If you think neural nets are black boxes, you’re certainly not alone. While they may not be as interpretable as something like a random forest (at least not yet), we can still understand how they process inputs to arrive at their predictions. In this post we’ll do just that as we build our own network from scratch, starting with logistic regression.

Objective#

Our goal is to construct a binary logistic classifier as a neural network. The network will consist of a single linear layer followed by a sigmoid activation with binary cross entropy as the loss. We’ll begin by deriving the back-prop equations for our particular scenario and in doing so we’ll see that what we’ve done generalizes immediately to networks with arbitrary layers and activations. In other words, we’ll have developed a framework that can model any feedforward network—all by starting from ordinary logistic regression.

Actually, this isn’t all that surprising when you think about it. Logistic regression is a linear layer followed by sigmoid and feedforward networks are just a bunch of linear layers stacked together with non-linear activations in between.

Backpropagation#

Back-propagation is nothing more than the chain rule. We can view our logistic network as the composition of three functions

\[ x \to \mathrm{BCE} \circ \mathrm{Sigmoid} \circ \mathrm{Linear}(x) \]

While the loss function is not usually viewed as a layer of the network, treating it as the final layer makes computing the gradients easier. Let’s denote the output of the $i$-th layer by $x_i$ so that

\begin{aligned} x_1 &= \mathrm{Linear}(x) \cr x_2 &= \mathrm{Sigmoid}(x_1) \cr x_3 &= \mathrm{BCE}(x_2) \end{aligned}

Since the only weights in our network are those of the linear layer, the only gradient we need to compute is the gradient of the loss function with respect to the linear weights. To do so, we’ll need to follow the chain rule and compute a series of intermediate gradients, starting with the gradient of the loss function with respect to the activations $x_2$.

\[ \frac{\partial \mathrm{BCE}}{\partial x_2} = \frac{\partial \mathrm{BCE}}{\partial x_2}(x_2) \]

Next, we’ll need to compute the gradient with respect to the linear outputs $x_1$. The chain rule tells us

\[ \frac{\partial \mathrm{BCE}}{\partial x_1} = \frac{\partial \mathrm{BCE}}{\partial x_2} \times \frac{\partial \mathrm{Sigmoid}}{\partial x_1}(x_1) \]

We only need these two gradients to update our single layer logistic network, however, were there another layer, we’d also need to compute the gradient with respect to $x$ (which would be the previous layer’s activations).
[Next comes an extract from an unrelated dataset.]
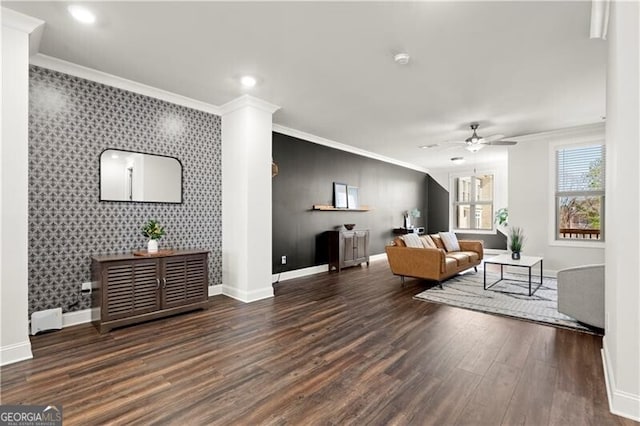 living area featuring an accent wall, crown molding, wood finished floors, and baseboards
Since that’s where we’re heading anyways, let’s go ahead and do it now.

\[ \frac{\partial \mathrm{BCE}}{\partial x} = \frac{\partial \mathrm{BCE}}{\partial x_1} \times \frac{\partial \mathrm{Linear}}{\partial x}(x) \]

Notice a pattern? The first gradient we computed—the gradient with respect to the network’s final activations—is used to compute the next gradient—the gradient with respect to the linear outputs—which is in turn used to compute the gradient with respect to the linear inputs. To compute the gradients of any network, we simply start at the last layer and successively pass the gradients backwards to the preceding layer until we arrive at the original inputs. That’s the reason it’s called back-propagation. It really is helpful to picture passing the gradients back through the network like a baton.

We’ll compute each of these gradients in turn, starting with the last layer and working our way backwards to the original inputs.

⚠️ Note: So far we’ve been treating the input $x$ as a single variable but most of the time $x$ will have more than one dimension. Computing the gradients in the multi-variate case isn’t any more difficult than what we’ve done (it involves something called the Jacobian, but we’ll pretend we didn’t hear that).

Binary Cross Entropy#

Binary cross entropy penalizes predictions by the logarithm of their confidence. Given labels $y$ which are either zero or one and probabilities $\hat{y}$ for the positive class, binary cross entropy is computed as

\[ \mathrm{BCE}(\hat{y}, y) = -[y \ln(\hat{y}) + (1 - y)\ln(1 - \hat{y})] \]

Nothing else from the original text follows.